Achalasia is a motor disorder of the esophagus with characteristic radiographic
features on barium swallow (a dilated esophagus with air fluid levels
and a stereotypical “birds-beak” appearance at
the gastroesophageal junction) (eFig. 393.1)
and manometric findings as shown in Figure 393-1. The
manometric findings of achalasia include incomplete relaxation of
the lower esophageal sphincter and lack of normal esophageal peristalsis.
More recently, increased muscle mass has been noted with ultrasonographic evaluation
of the esophagus. The pathophysiology of achalasia is not certain,
but it seems likely that in many cases it is due to an autoimmune-mediated
process resulting in a loss of inhibitory relaxation of the LES. Congenital
or syndromatic cases likely have a separate etiology with specific
genetic abnormalities being identified in some associated syndromes
(see below). Presenting symptoms include dysphagia, regurgitation,
recurrent pneumonia, weight loss, and chest pain. The pathophysiology
of achalasia is not certain, but it seems likely that in many cases
it is due to an autoimmune-mediated process resulting in a loss
of inhibitory relaxation of the LES. Congenital or syndromatic cases
likely have a separate etiology with specific genetic abnormalities
being identified in some associated syndromes (see below). Histologic
specimens reveal a decrease in nitric oxide synthetase neurons containing
calcitonin gene–related peptide, vasoactive intestinal
peptide, and nitric oxide in the myenteric plexus of the distal
esophagus.3 Autoantibodies against neurons, CD3/CD8
predominant lymphocytic infiltrates, and evidence of complement
cascade activation has been found in the myenteric plexus in patients
with achalasia.4,5 Neuronal loss of neurons containing
calcitonin gene–related peptide, vasoactive intestinal
peptide, and nitric oxide is most marked. The overall incidence
of achalasia is 0.4 to 0.6 per 100,000, with only about 5% of
cases occurring in children and the average age of diagnosis being
about 9 years old. Achalasia occurs in association with other disorders
and syndromes, as listed in Table 393-2.
Chagas disease can be indistinguishable from achalasia and should
be considered in patients who have traveled to endemic areas, including
the southern United States and Latin America. Early presentation
of achalasia is frequently associated with an autosomal recessive
syndrome of deafness, vitiligo, short stature, and muscle weakness,
or with the syndrome of alacrima and corticotropin insensitivity
(Allgrove syndrome, or triple-A syndrome, which has been linked
with mutations on 12q13). Achalasia is also reported as part of
Alport syndrome and in children with Down syndrome.6 Rare
cases of familial achalasia and of familial coexistence of achalasia
and other esophageal motility disorders have been reported.7 Achalasia
has also been associated with autoimmune polyendocrinopathy syndrome
and multiple endocrine neoplasia type 2B. Leiomyoma or other tumors
of the stomach may masquerade as achalasia. Achalasia has also been
associated with familial visceral neuropathies, familial dysautonomia,
Sjogren syndrome, adrenoleukodystrophy and Addison disease.

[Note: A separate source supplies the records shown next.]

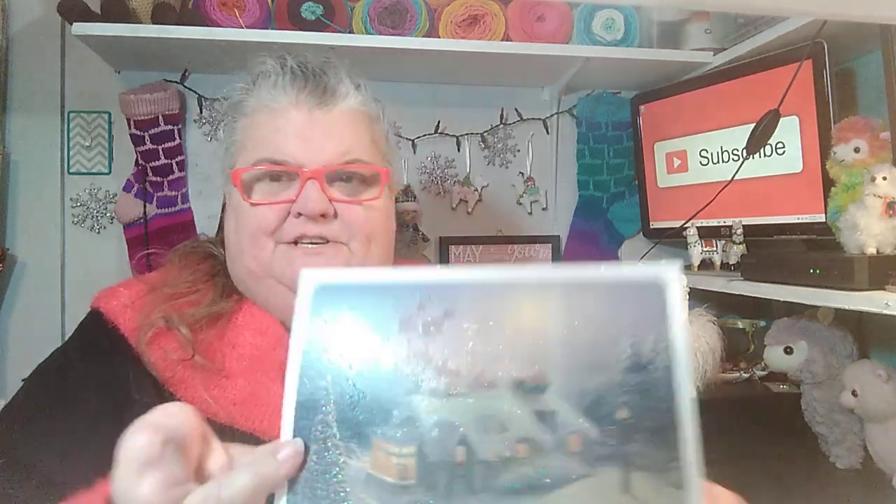Thank you so much, Christy and Izzy — we appreciate those, and I'll let you know how Phoebe likes those treats! Another card here I have from Irene, and it is a beautiful Thomas Kinkade card.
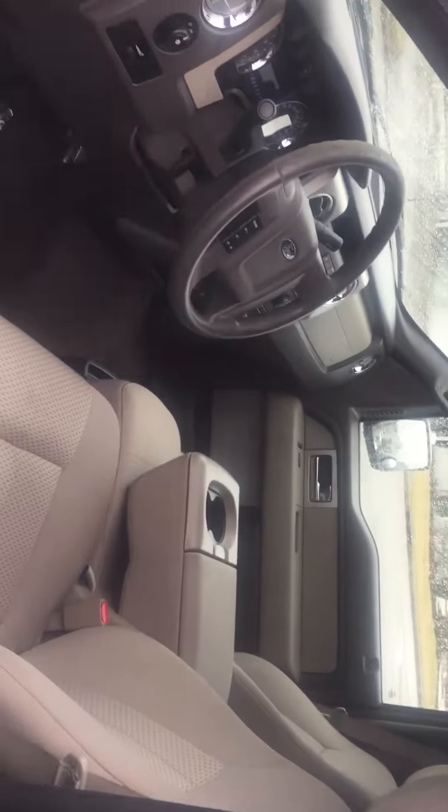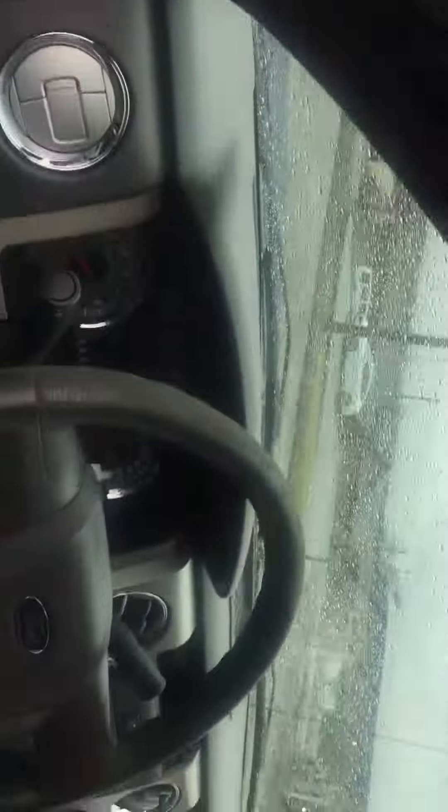Let's picture the inside. It's got an automatic in here, windows and locks, tilt and cruise, CD.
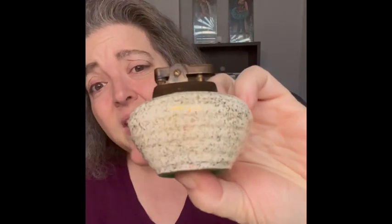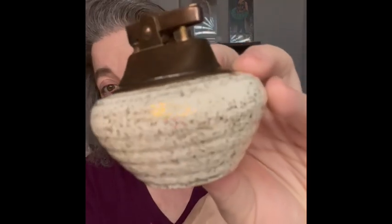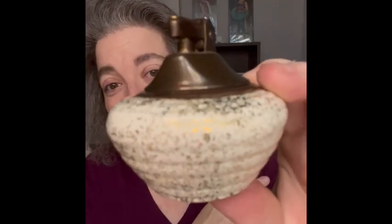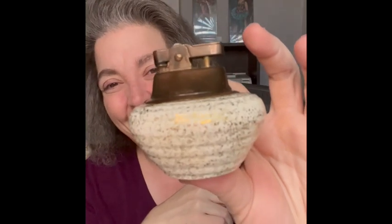Another kitsch or really MCM item I'm going to bring is this lighter. It is a really pretty creamy white with gold specks going through it. I liked the shape of it, and I know we have a lot of people who collect tobacco-related items, so I am bringing that.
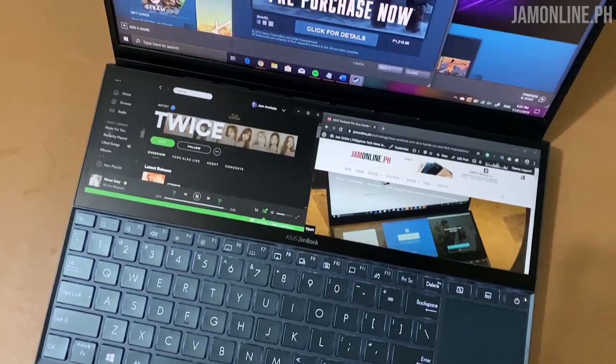That's it for our look at the ASUS ZenBook Duo's ScreenPad Plus. This is a very productive laptop — I've been using it for weeks and I love it. If you liked this video, don't forget to give it a thumbs up. If you haven't subscribed to my channel yet, now is the time — click the subscribe and bell buttons so you don't miss the latest videos from JamOnline. I'm Jam of JamOnline.ph — see you in the next video!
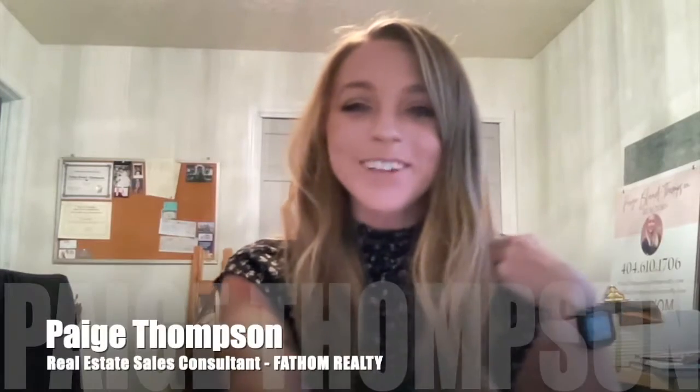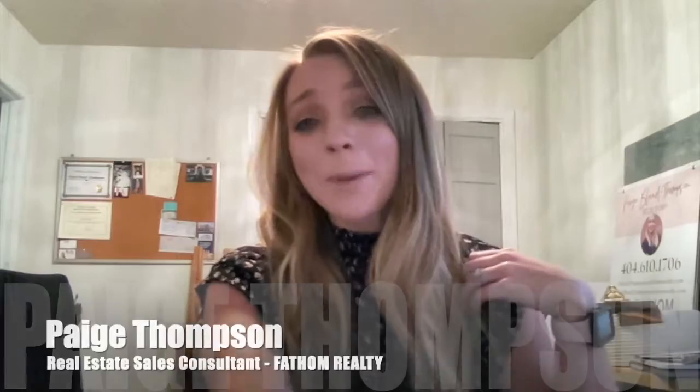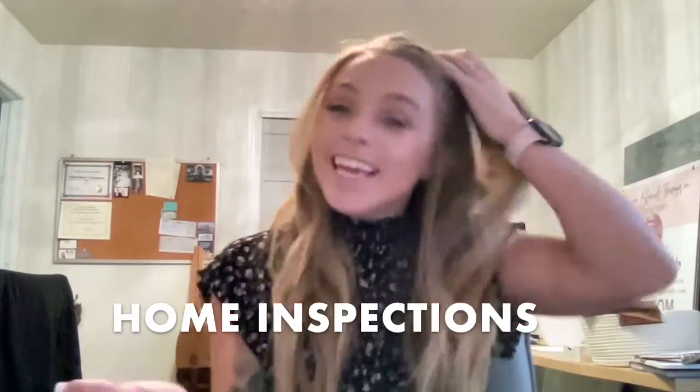Hi guys, Paige with Fathom Realty here. Today I'm going to be talking about home inspections. I really like this topic because I come from a construction background, so I love being able to provide this service for my buyers. I think it's a very, very powerful tool to better protect my clients. I've written down some frequently asked questions, so that way you can better educate yourself — and knowledge is power.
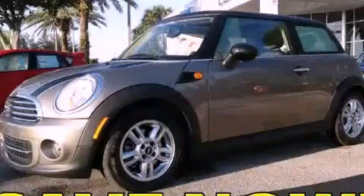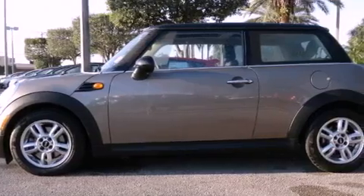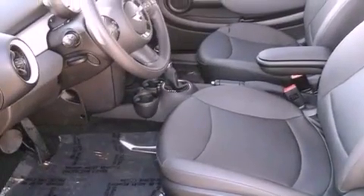This is a 2012 Mini Cooper. It has a four-cylinder engine and an automatic transmission. All of the following features are included: a locking differential, traction control and stability control systems,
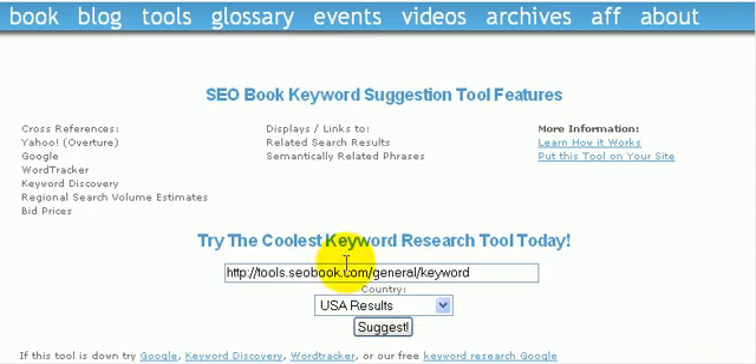This website here is tools.seobook.com/general/keyword. Using this tool you'll be able to see how many people are searching for a particular keyword or keyword phrase. Let's type in 'fuel saver' — let's say we were marketing a product to save people fuel in their automobiles.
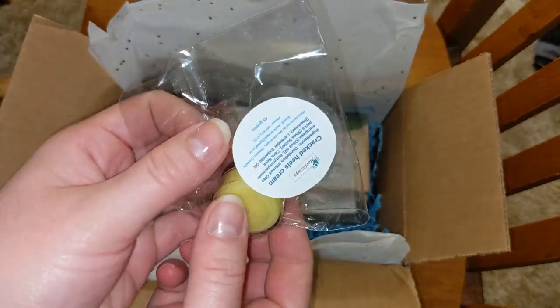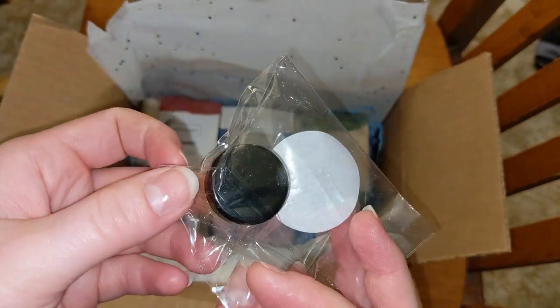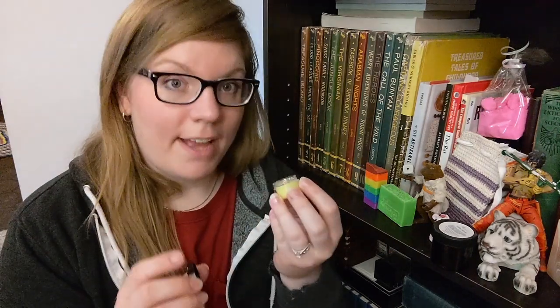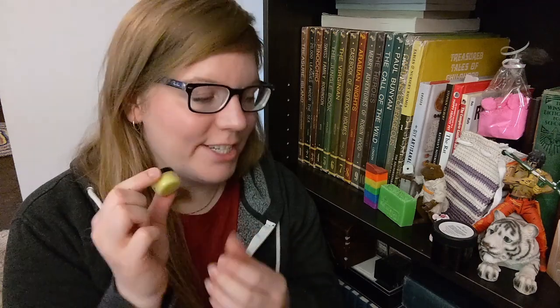Now we have cracked heel cream. Wow. Fragranced with lavender. Dandelion infused olive oil. Thank you very much, Camille. I really appreciate these cute little gifts. Very generous of you.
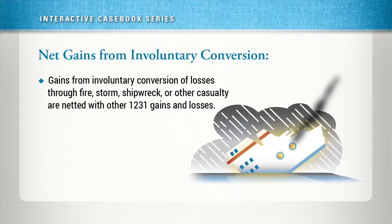In addition, as we will see in a minute, Section 1231 also governs the treatment of net gains from the involuntary conversion of business property arising from fire, storm, shipwreck, or other casualty, or from theft. Net gains from these casualties are combined with other 1231 gains and losses to determine the ultimate tax treatment.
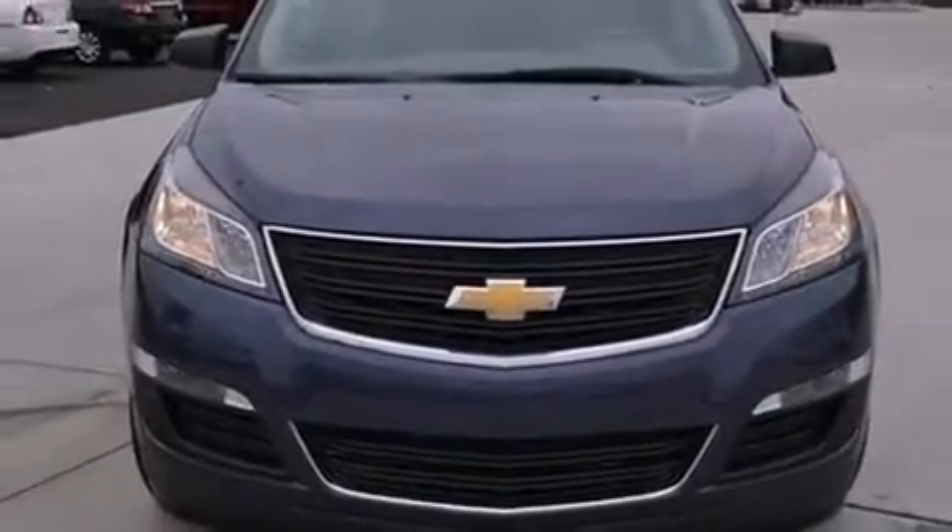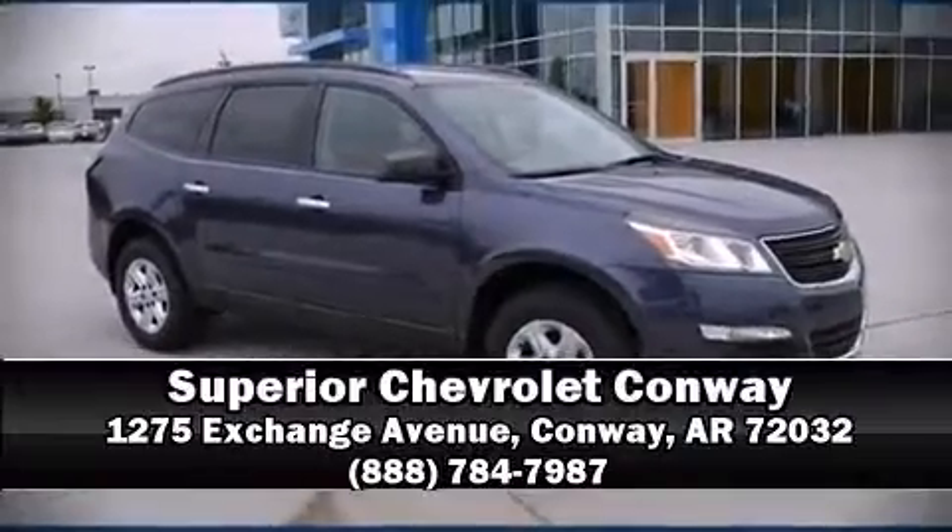Our knowledgeable sales staff is available to answer any questions that you might have. We are here to help you.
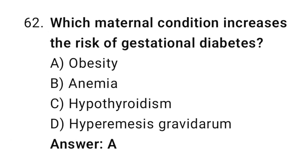Question 62. Which maternal condition increases the risk of gestational diabetes? The right answer is A: obesity.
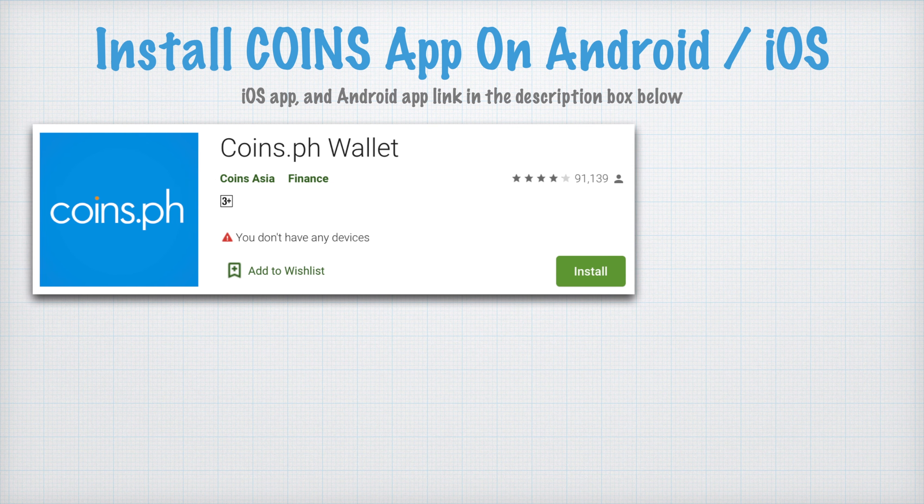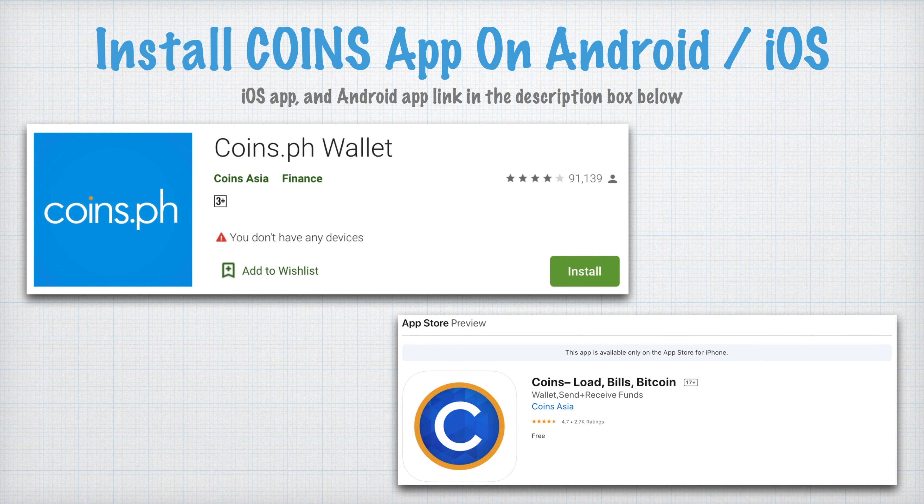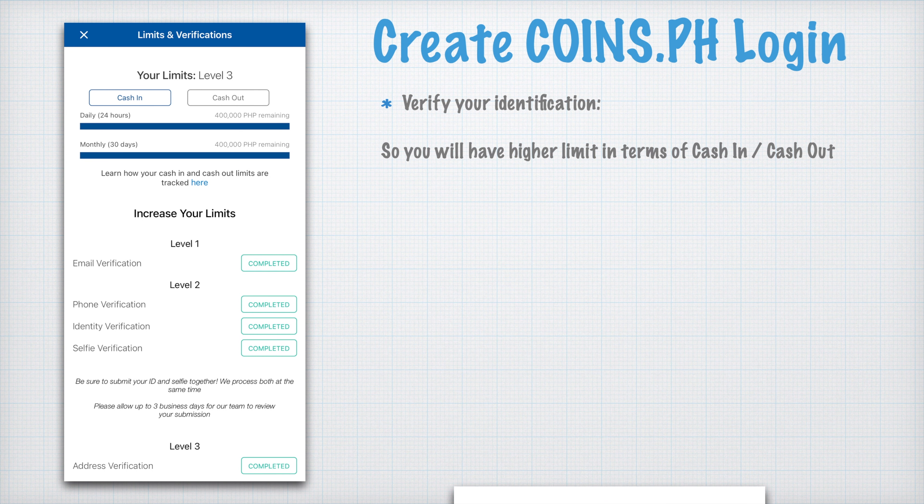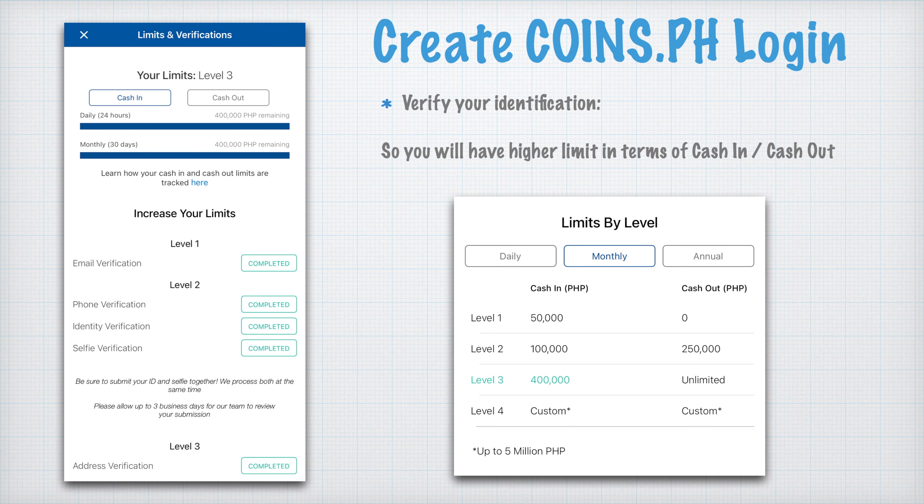Before anything else, you need to install the Coins app on your Android device or iPhone. I'll include the iOS and Android app links in the description box below for your reference. Once you have downloaded and installed the CoinsPH app, you need to create your CoinsPH login. I suggest you verify your identification so you will have a higher limit in terms of cash in and cash out from your CoinsPH wallet.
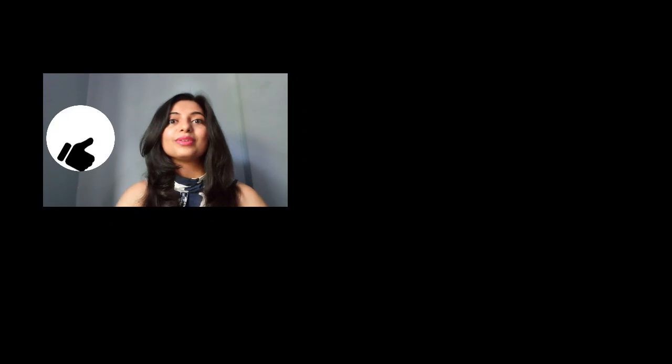If you like this video, don't forget to hit that like button for me and subscribe to my channel. Thanks for watching, bye!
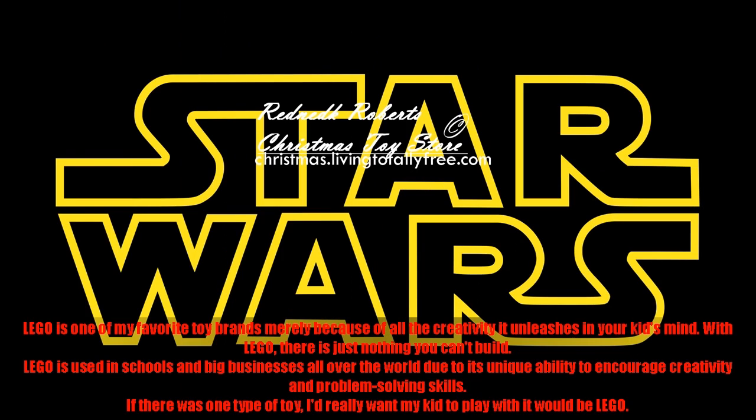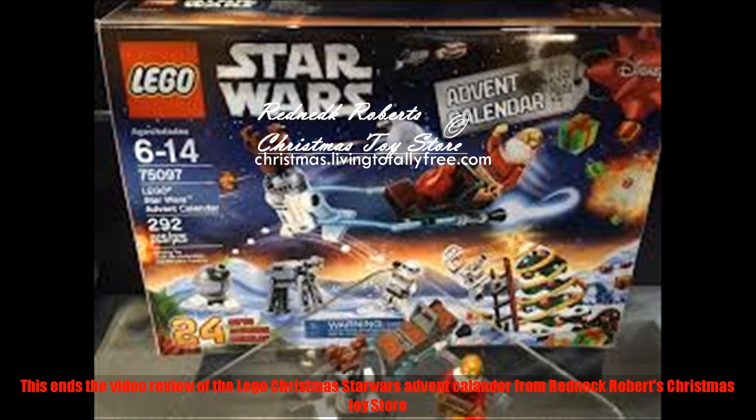Lego is one of my favorite toy brands merely because of all the creativity it unleashes in your kid's mind. With Lego, there is just nothing you can't build. Lego is used in schools and big businesses all over the world due to its unique ability to encourage creativity and problem-solving skills. If there was one type of toy I'd really want my kid to play with, it would be Lego. This ends the video review of the Lego Christmas Star Wars Advent Calendar from Redneck Robert's Christmas Toy Store.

Surgical treatment with a Heller myotomy (usually with an antireflux
procedure) is becoming the treatment of choice for achalasia.8 Pneumatic
balloon dilation of the LES9 ruptures the muscle
and may provide long-term relief from symptoms; however, repetitive treatments
often are necessary. Similarly, injection of the LES with botulinum
toxin10 provides transient relief, but the requirement
for repeated treatment makes these therapies less attractive for
treatment of childhood achalasia. Pharmacotherapy (eg, nifedipine)
is variably effective and rarely provides an option for long-term
management. Following treatment for achalasia, some degree of dysphagia
for solids often persists because of persistent aperistalsis of
the esophagus. This requires that patients chew food well and often
need liquid chasers to clear the esophagus. There is also a long-term
risk of esophagitis, Barrett esophagus, and esophageal adenocarcinoma
requiring consistent, long-term follow-up through adulthood.